Restate word for word the lines below from the one that has "2026 Mercedes-Benz SL-Class" through the one that has "Crosse gauche de", keeping both and dropping all pictures.
= = = =
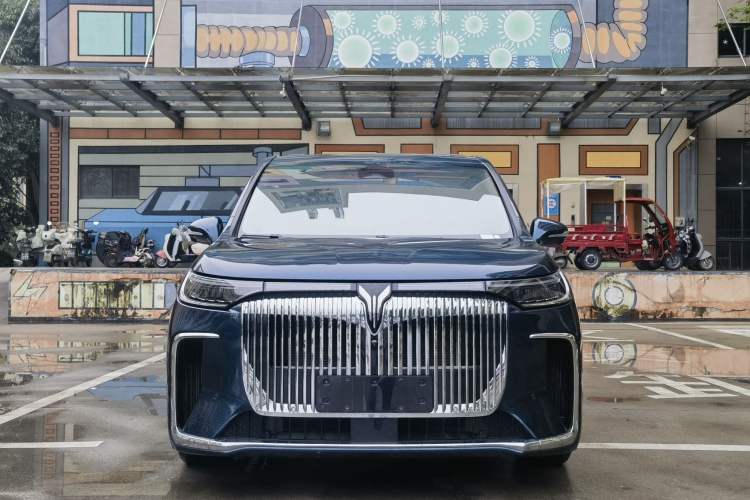 Used VOYAH Dream 2025 PHEV Four-Wheel-Drive Flagship Kunpeng Edition
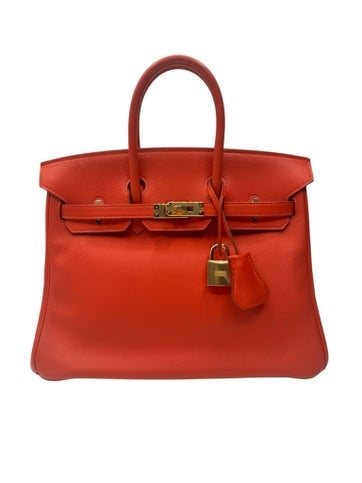 Swift Leather Birkin 25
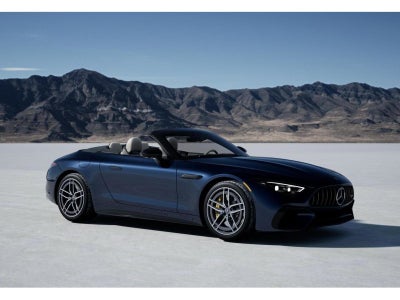 2026 Mercedes-Benz SL-Class SL 55 AMG® 4MATIC®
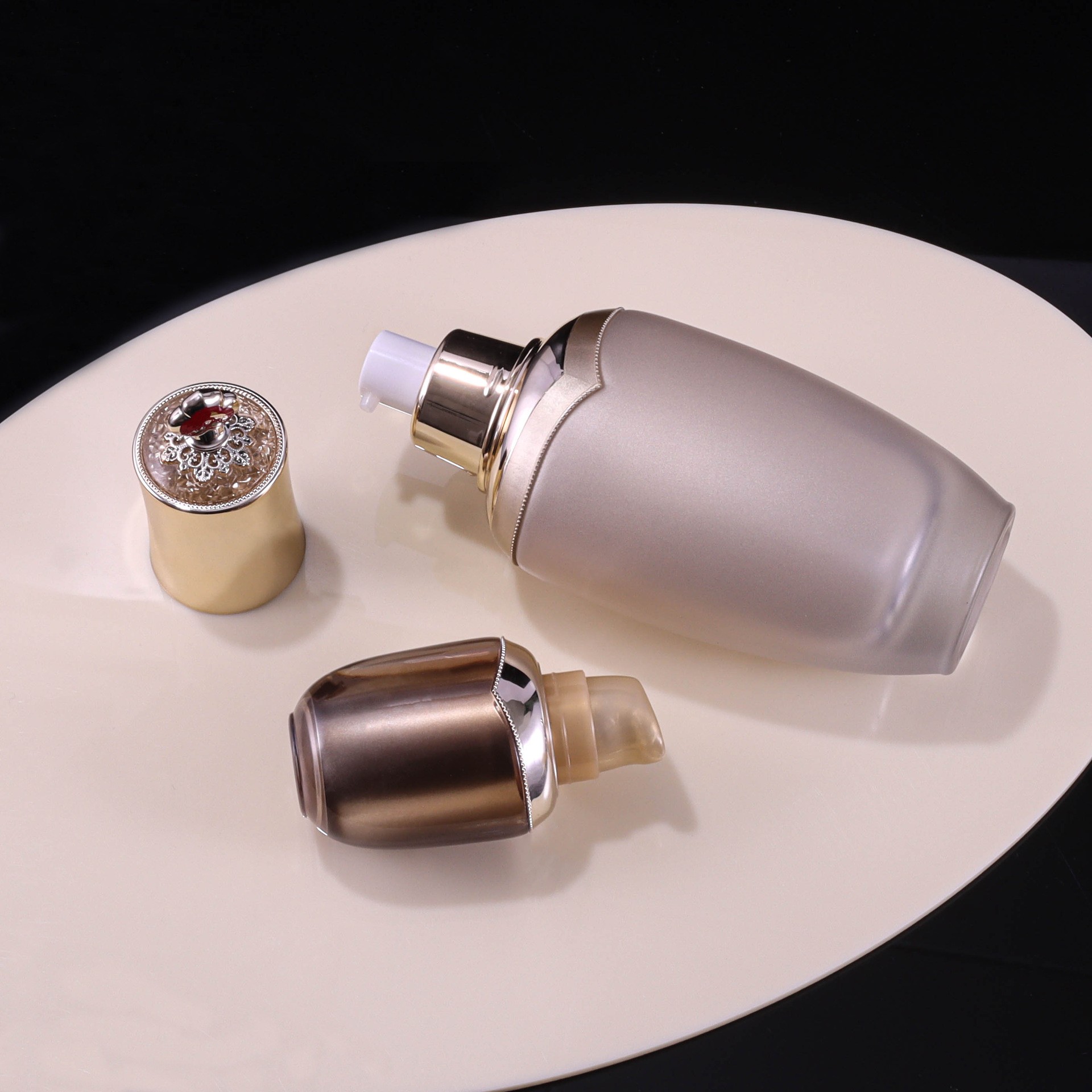 Thick Weather Single Set (5g, 10g, 25g), Cream jar (110ml), Toner/Lotion jar (150ml), Lotion jar - Image 3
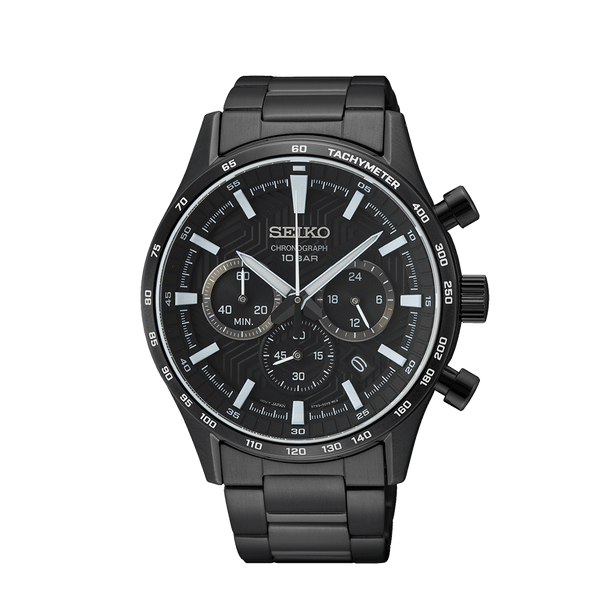 SEIKO DRESS CHRONOGRAPH WATCH - SSB415P1 - Kamal Watch Company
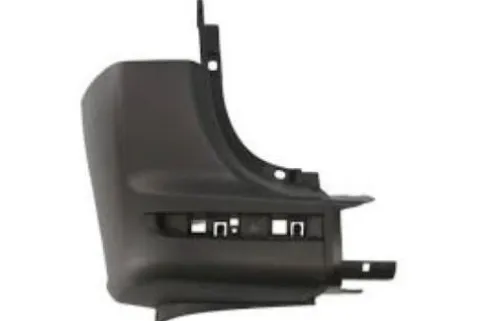 Crosse gauche de pare-chocs arrière pour MERCEDES SPRINTER III depuis 2018 (W907-W910), noir grainé, traction avant, Neuf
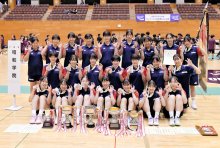 昭和学院、一戦ごとに成長し栄冠　女子ハンドボール　全国高校総体　第１６日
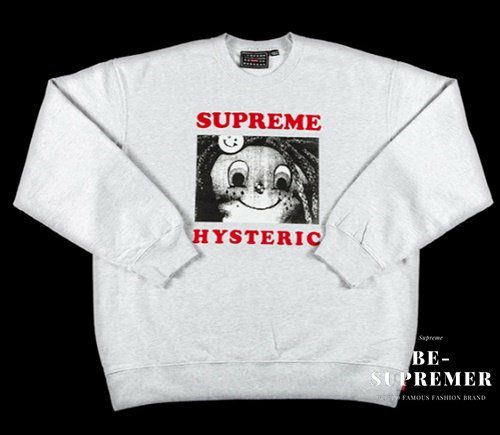 Supreme シュプリーム 21SS HYSTERIC GLAMOUR Crewneck ヒステリック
= = = =
**Response to the exercise**
 2026 Mercedes-Benz SL-Class SL 55 AMG® 4MATIC®
 Thick Weather Single Set (5g, 10g, 25g), Cream jar (110ml), Toner/Lotion jar (150ml), Lotion jar - Image 3
 SEIKO DRESS CHRONOGRAPH WATCH - SSB415P1 - Kamal Watch Company
 Crosse gauche de pare-chocs arrière pour MERCEDES SPRINTER III depuis 2018 (W907-W910), noir grainé, traction avant, Neuf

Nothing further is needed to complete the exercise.